● Exercise goal: Without including any images, repeat the listing below exactly.

● Data segment:
□ □ □

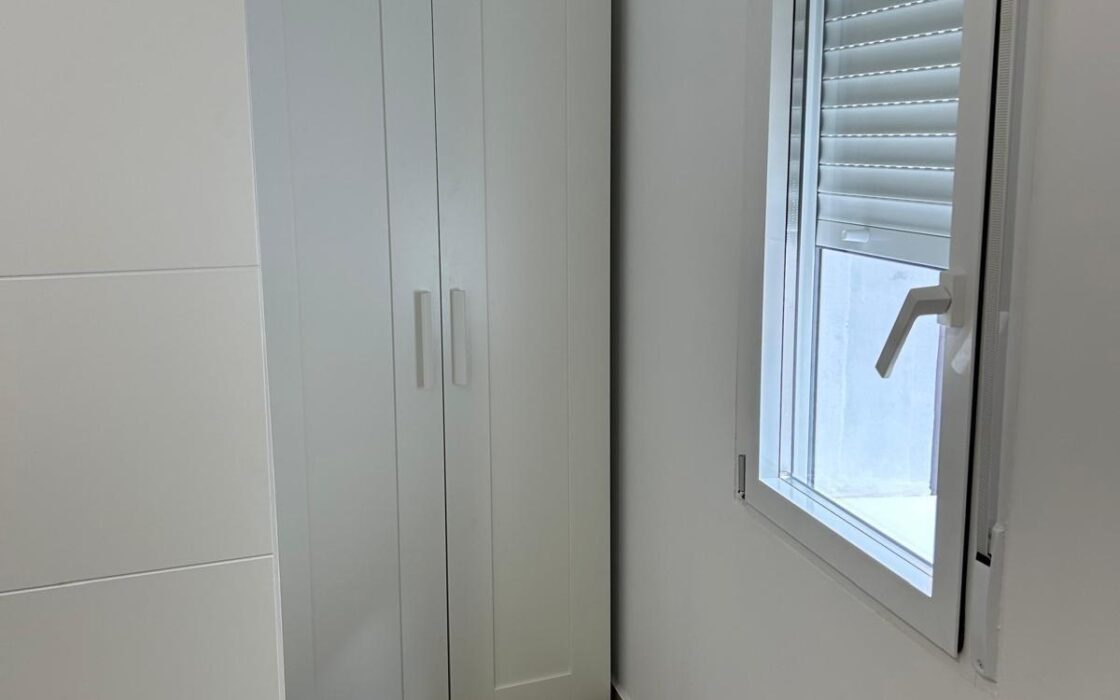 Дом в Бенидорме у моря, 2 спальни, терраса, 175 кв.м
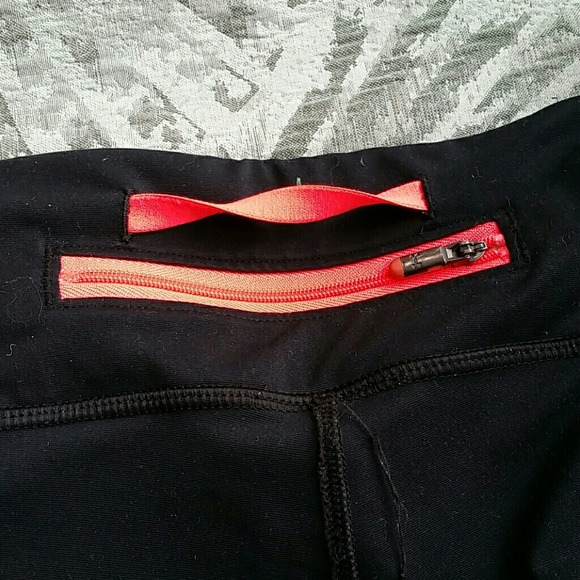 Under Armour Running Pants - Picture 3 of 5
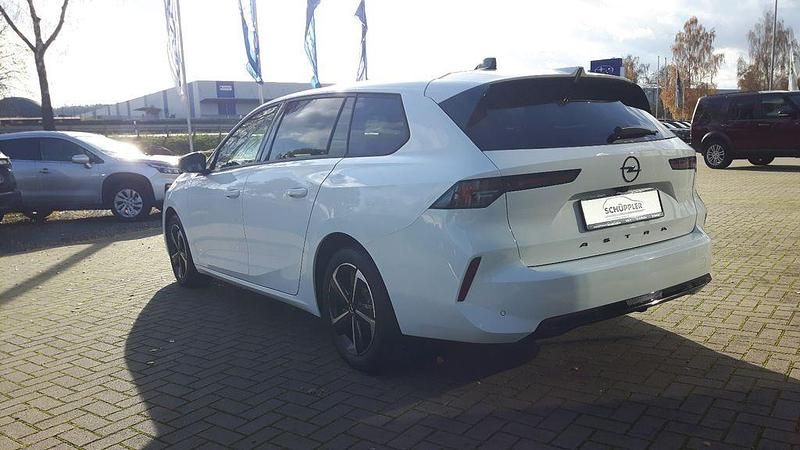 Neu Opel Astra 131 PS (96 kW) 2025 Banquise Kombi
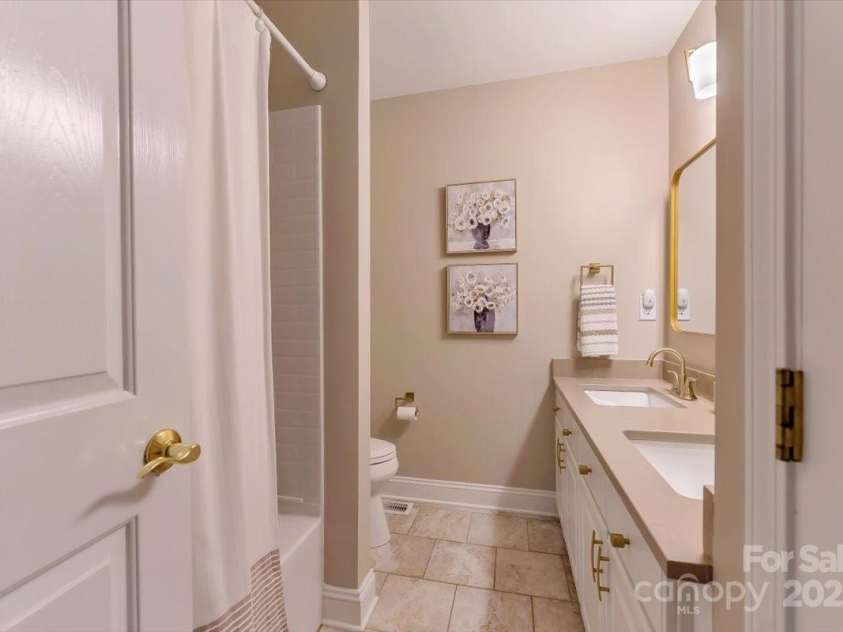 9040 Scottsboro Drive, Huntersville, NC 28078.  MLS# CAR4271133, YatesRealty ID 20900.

□ □ □

● Your response:
 Дом в Бенидорме у моря, 2 спальни, терраса, 175 кв.м
 Under Armour Running Pants - Picture 3 of 5
 Neu Opel Astra 131 PS (96 kW) 2025 Banquise Kombi
 9040 Scottsboro Drive, Huntersville, NC 28078.  MLS# CAR4271133, YatesRealty ID 20900.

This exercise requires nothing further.